## YOUR OBJECTIVE
Look in the data below for the line that has "3.2UF 250V con", then print exactly every line from there through the line that has "Navy Blue Velvet", leaving pictures out.
AVAILABLE DATA section start
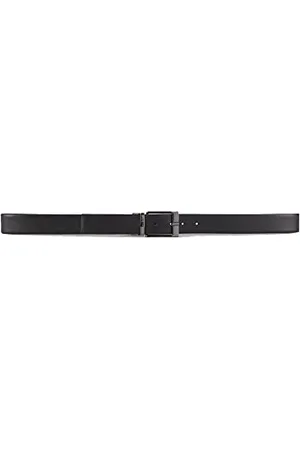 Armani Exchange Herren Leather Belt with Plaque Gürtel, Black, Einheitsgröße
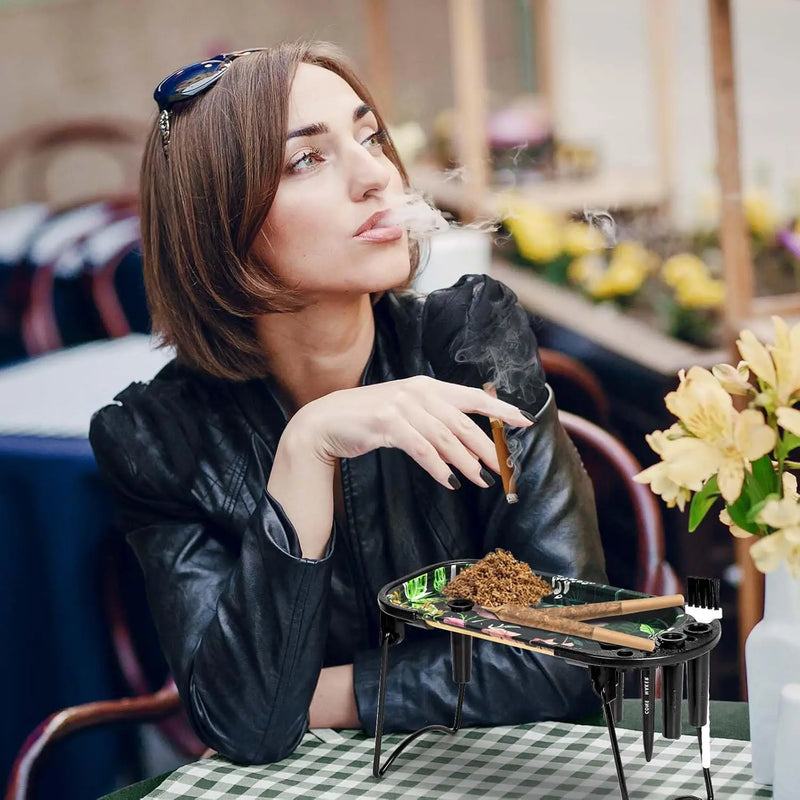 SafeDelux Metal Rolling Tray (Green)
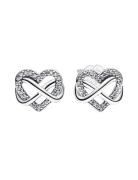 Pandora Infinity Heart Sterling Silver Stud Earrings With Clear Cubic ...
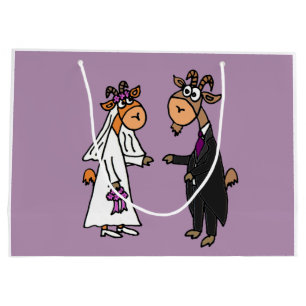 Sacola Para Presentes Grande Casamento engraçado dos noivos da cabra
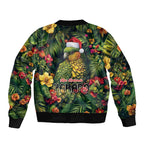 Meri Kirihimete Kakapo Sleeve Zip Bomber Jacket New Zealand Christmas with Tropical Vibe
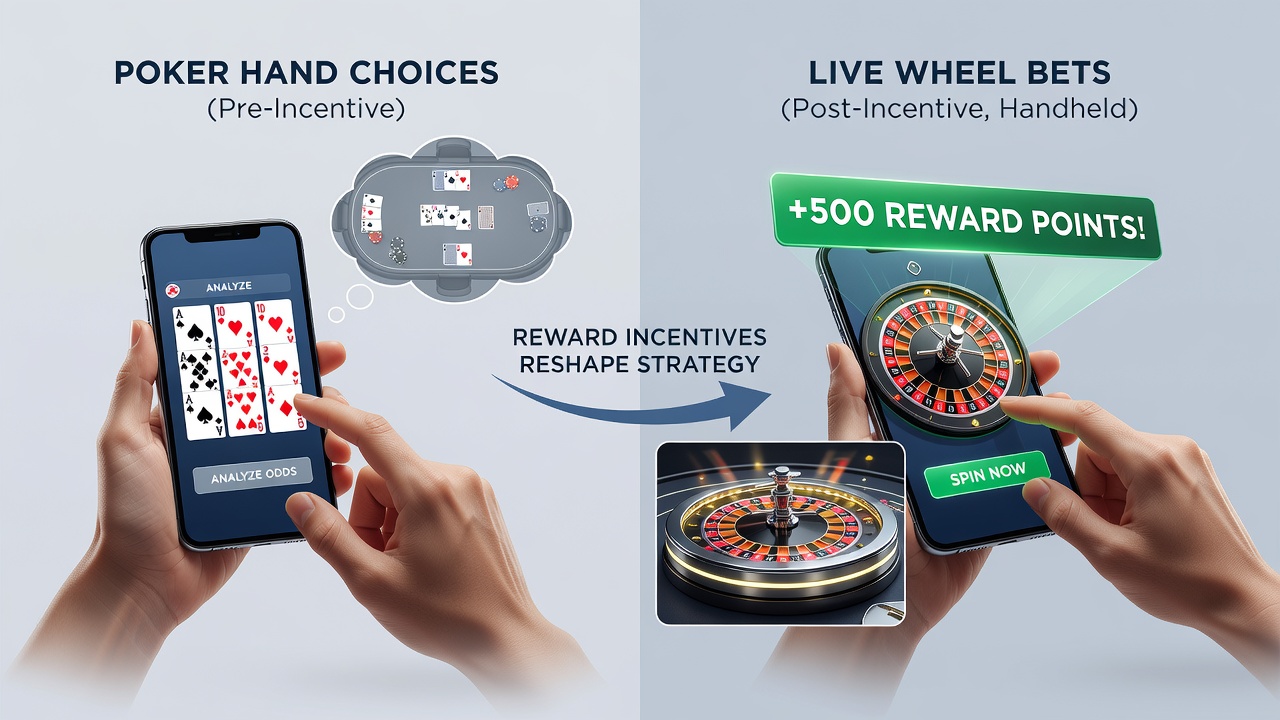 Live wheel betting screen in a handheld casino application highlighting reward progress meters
AVAILABLE DATA section end
AVAILABLE DATA section start
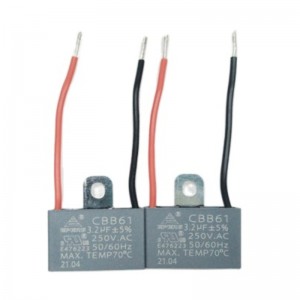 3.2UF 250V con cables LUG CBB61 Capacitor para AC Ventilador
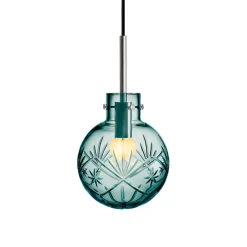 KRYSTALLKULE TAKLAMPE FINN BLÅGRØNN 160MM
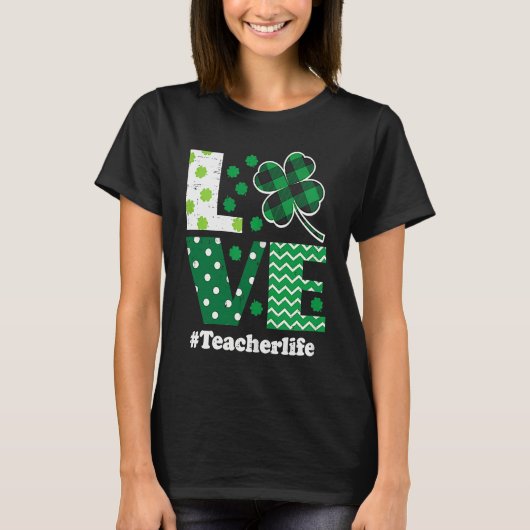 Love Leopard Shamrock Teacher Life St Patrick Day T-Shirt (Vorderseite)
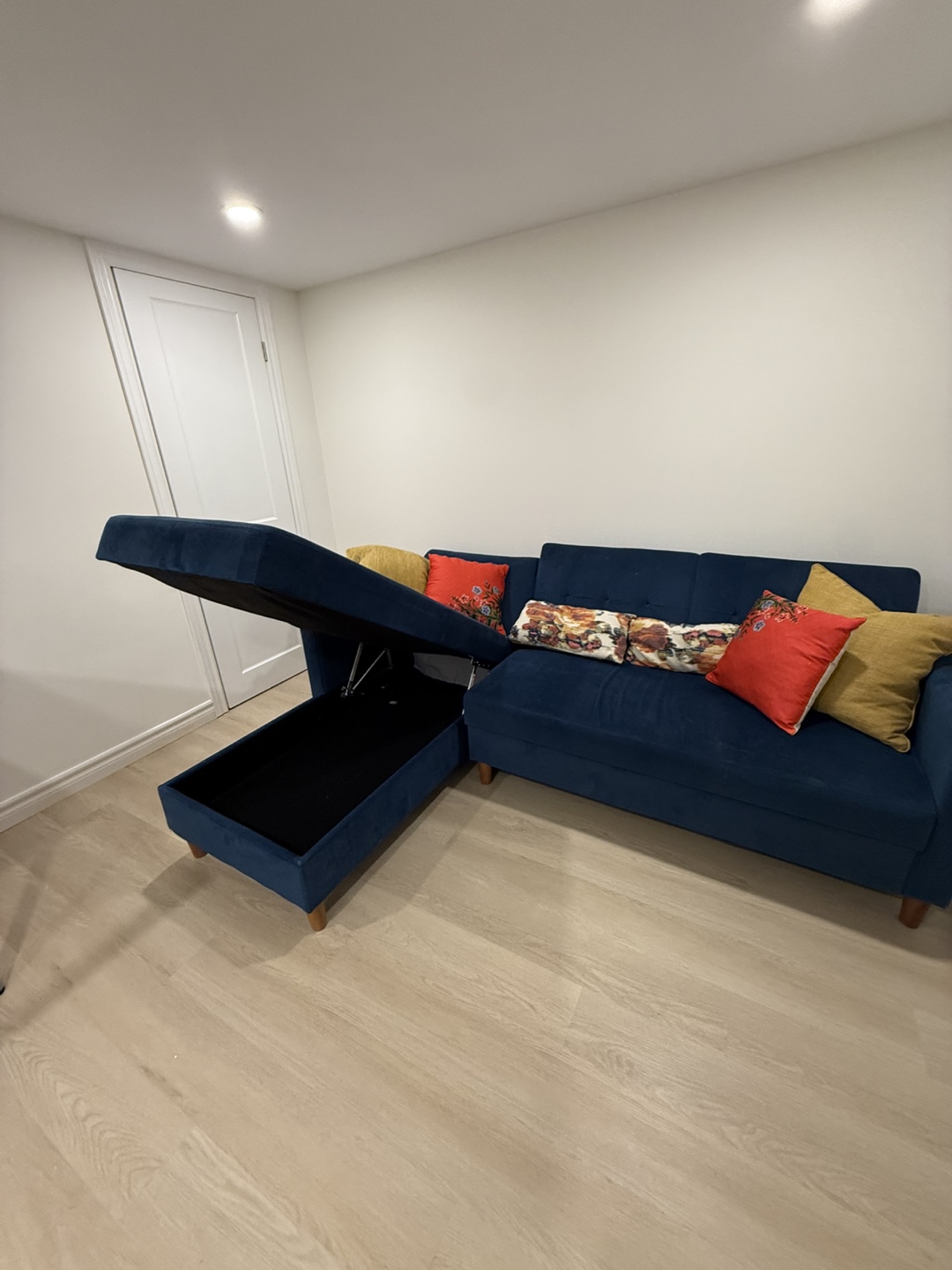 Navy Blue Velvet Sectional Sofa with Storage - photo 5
AVAILABLE DATA section end
AVAILABLE DATA section start
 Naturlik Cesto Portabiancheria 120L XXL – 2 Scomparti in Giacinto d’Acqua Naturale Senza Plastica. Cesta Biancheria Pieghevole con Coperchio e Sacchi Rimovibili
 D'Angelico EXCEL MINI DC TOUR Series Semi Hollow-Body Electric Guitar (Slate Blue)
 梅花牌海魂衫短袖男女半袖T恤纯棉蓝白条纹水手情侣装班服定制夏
AVAILABLE DATA section end
## EXERCISE ANSWER
 3.2UF 250V con cables LUG CBB61 Capacitor para AC Ventilador
 KRYSTALLKULE TAKLAMPE FINN BLÅGRØNN 160MM
 Love Leopard Shamrock Teacher Life St Patrick Day T-Shirt (Vorderseite)
 Navy Blue Velvet Sectional Sofa with Storage - photo 5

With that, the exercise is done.